# Venison Pastrami



## fritz (Mar 2, 2008)

I have a question.

I am making venison bacon and needed a little more venison to make a 25# batch. A friend said he would give me a boned hind quarter....perfect. Well he ended up giving me 2 hind quarters. Well the bacon is on the smoker and I still have the 2nd hind and think I will make some pastrami with it.

I plan to do all the normal stuff to make it (corn, rub with pastrami spice and smoke) however I have never done this with venison.

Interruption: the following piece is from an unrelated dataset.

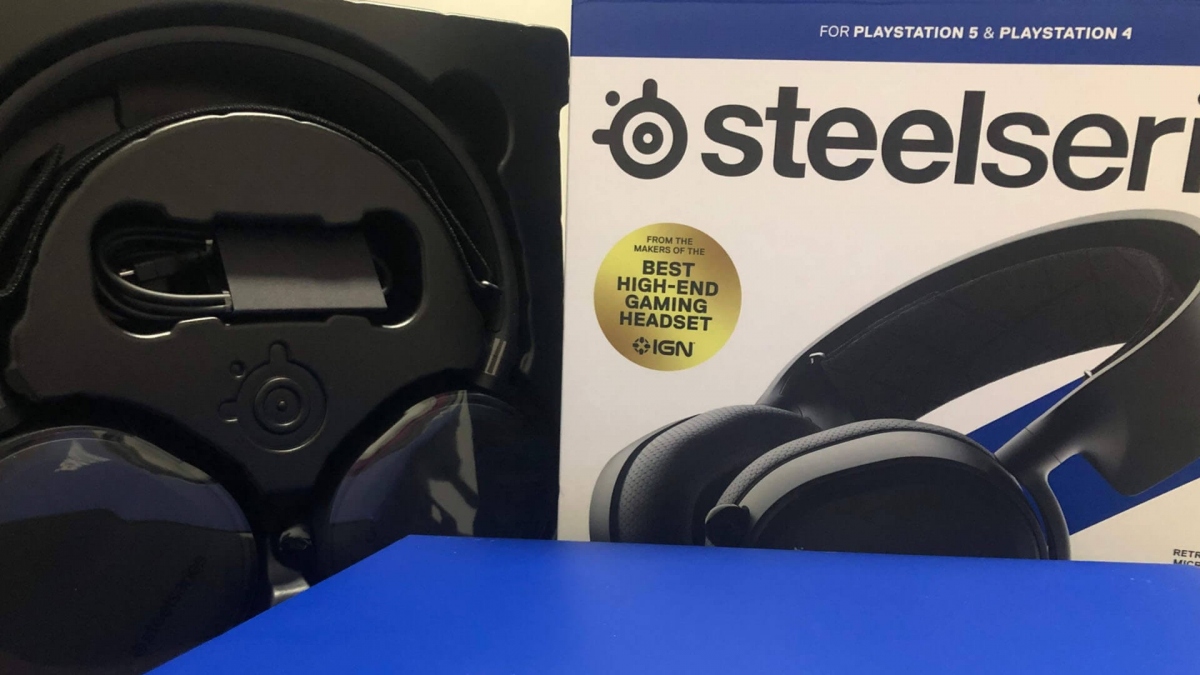   SteelSeries Arctis 3 Console Edition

The question: Should I corn the whole ham then tie the whole thing back together and them smoke? or should I take the ham apart, corn and smoke smaller pieces?

I hope this makes sense.

Thanks for your input,
Fritz


----------



## richtee (Mar 2, 2008)

Hmmm  I dunno if venison would make a good pastrami... pretty dry. But if I was gonna try it I'd guess I'd bone it out as to keep it together as much as possible and wrap, then corn/brine. Altho, I suppose if you seperate it, it will brine faster, but the smaller chunks would be complete before the larger ones.


----------



## richtee (Mar 2, 2008)

Hey..maybe wrap with some beef fat inside?


----------



## fritz (Mar 2, 2008)

Right Rich....I was thinking about doing something with beef fat, never thought about it on the inside.


----------



## fritz (Mar 2, 2008)

Maybe I could do some beef fat plugs?


----------



## richtee (Mar 2, 2008)

Ahhh larding... sure. Can use a boning/filet knife...narrow blade.. and tuck some right thru it  :{)  Nice!!


----------



## fritz (Mar 2, 2008)

That's it....Larding. I know I read about that somewhere. Just maybe?


----------



## richtee (Mar 2, 2008)

My opinion..that's your best bet... tie it and lard it  :{). Oh..and send me a slice er two  ;{)


----------



## fritz (Mar 2, 2008)

I also think I would smoke this at a higher temp...say 300*. It's already tender.


----------